GOD HATES MUSICALS: A MUSICAL PARODY OF THE WESTBORO BAPTIST CHURCH
Written by Joseph Creedon
Music by Bryan Dunn
Lyrics by Emily Laverdiere
Directed by Joseph Creedon
Music Directed by
Ministry of Theater
855 Commonwealth Ave., Boston, MA
About the Production
August 13 – 24, 2014
So like last month’s CREATIVE LICENSE, the details on GOD HATES MUSICALS: A MUSICAL PARODY OF THE WESTBORO BAPTIST CHURCH are slim. However, it’s a 1) musical parody; 2) about the Westboro Baptist Church; 3) with a fun pun in the title about religion, musicals, and [insert demographic or abomination to be hated this week]. David Phelps questions his family’s hate-fueled ways and dogmatic approach to life when Steve Drain, an outsider, changes his life. With the Rapture looming, can David trust Steve, and, more importantly, does God really hate musicals? This musical is cautiously on the list because it’s an original musical in Boston, a city that suffers from a lack of anything original, let alone a musical with cleverness or socio-political verve.

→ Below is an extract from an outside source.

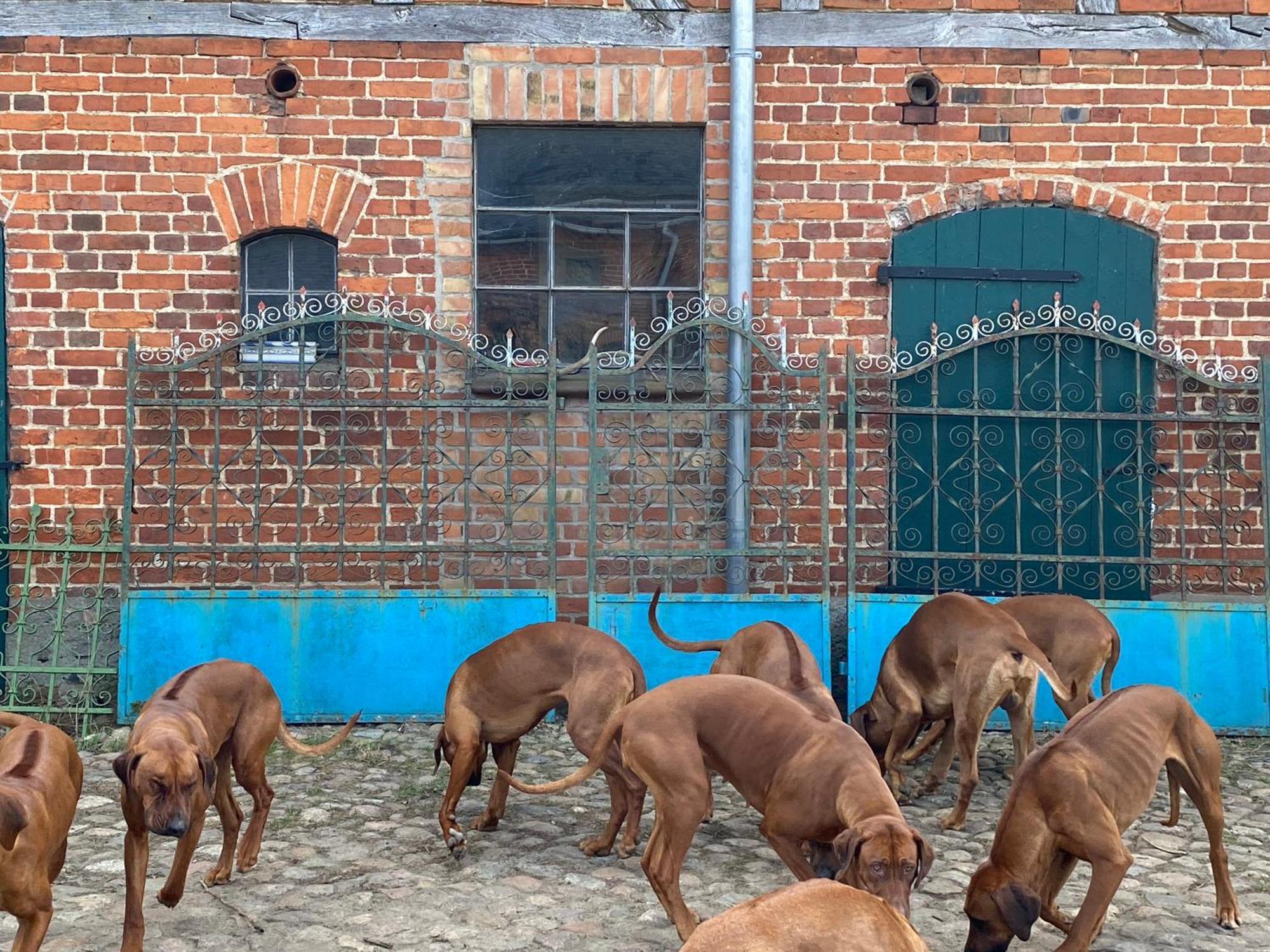 Bauernhof-Streichel-Zoo-Kombi-Familien-Suite-Im-Wald-Am-See Gulow Ngoại thất bức ảnh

Written by George Bernard Shaw
Directed by Devon Jones
Flat Earth Theatre
Arsenal Center for the Arts
321 Arsenal Street, Watertown, MA
About the Production
August 22 – 30, 2014
Speaking of original, Flat Earth Theatre, a company that My Theatre (Boston) has regularly reviewed, shakes up their season with a twist on a stuffy favorite. Their production exists in a totalitarian police state dominated by the cold Edwardian elite, set in vibrant and multicultural modern London. The production features its own multicultural and multiracial cast, including Chris Chiampa (THE PILLOWMAN and THE MEMORANDUM at Flat Earth Theatre) as Professor Henry Higgins, Jaclyn Johnson as Eliza Doolittle, with J. Deschene (BENT and PRIDE AND PREJUDICE at Theatre@First) as Mrs. Eynsford Hill, and Allison Olivia Choat (COMPANY at Moonbox Productions) as Freddy Eynsford Hill. This production might be exactly the kind of clever re-imagining needed to fuel Boston’s own lesson in innovative theatre.